→ **WHAT THE EXERCISE ASKS**:
When you write out the listing below, keep each word exactly as it stands and drop the pictures.

→ **DATA PROVIDED**:
========
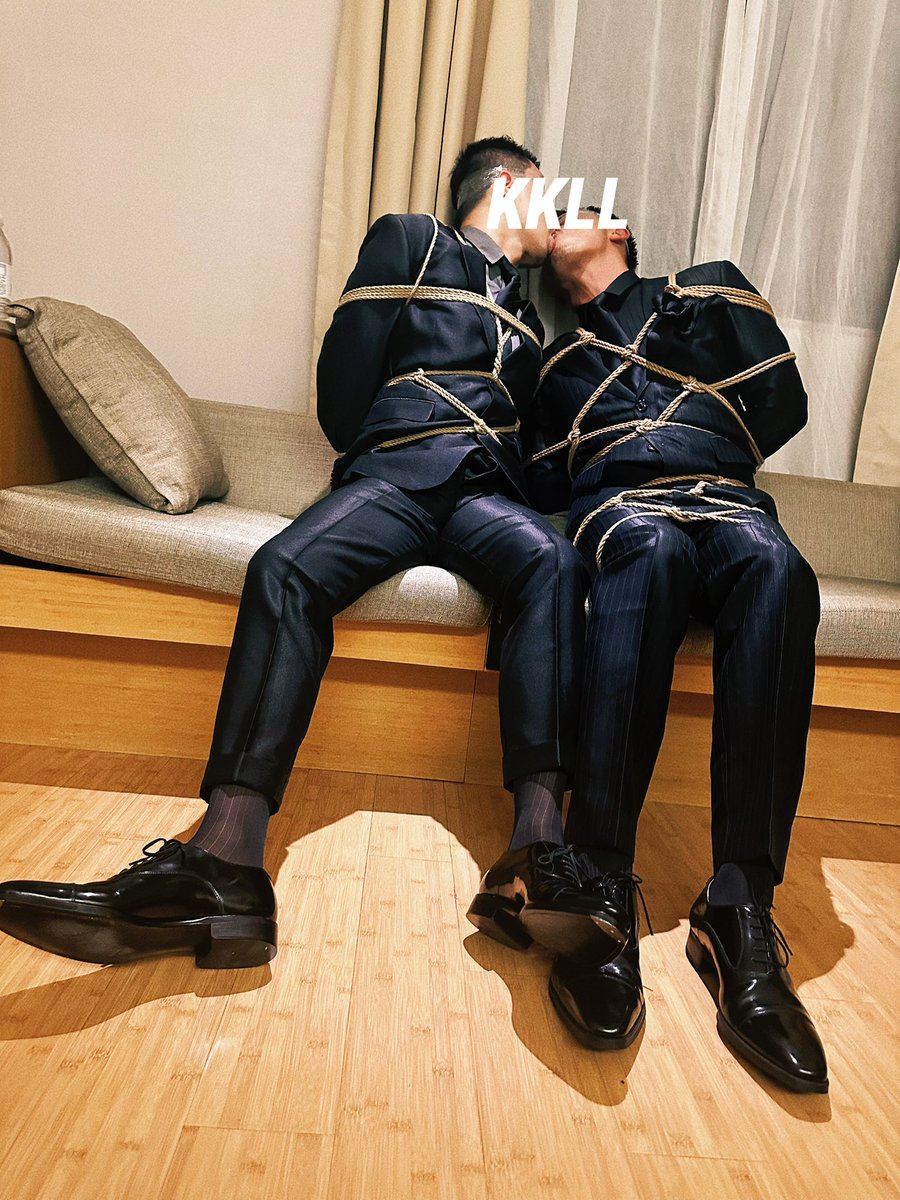 周五开了一天会的正装男
<a href="/BlackWood6563/">Black Wood</a>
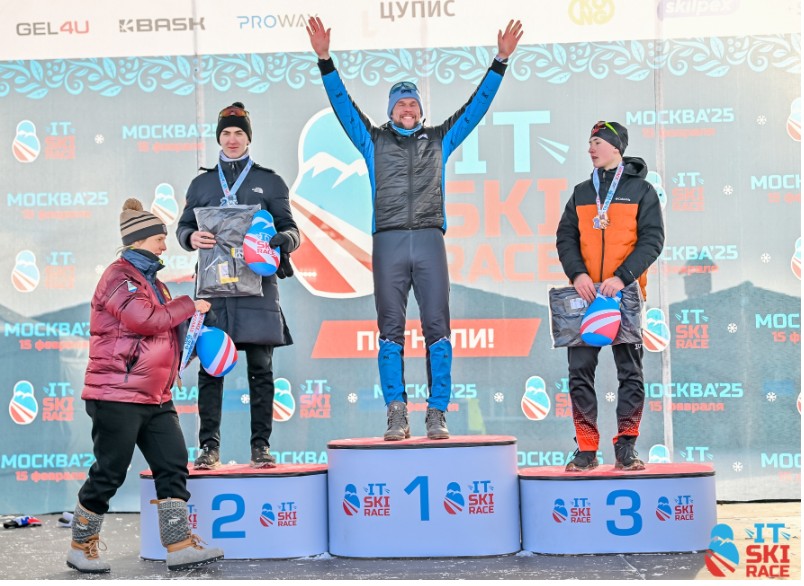 Наталья Матвеева награждает призеров и победителя 5 км забега Александра Панжинского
========
→ **RESULT FOR THIS TASK**:
 周五开了一天会的正装男
<a href="/BlackWood6563/">Black Wood</a>
 Наталья Матвеева награждает призеров и победителя 5 км забега Александра Панжинского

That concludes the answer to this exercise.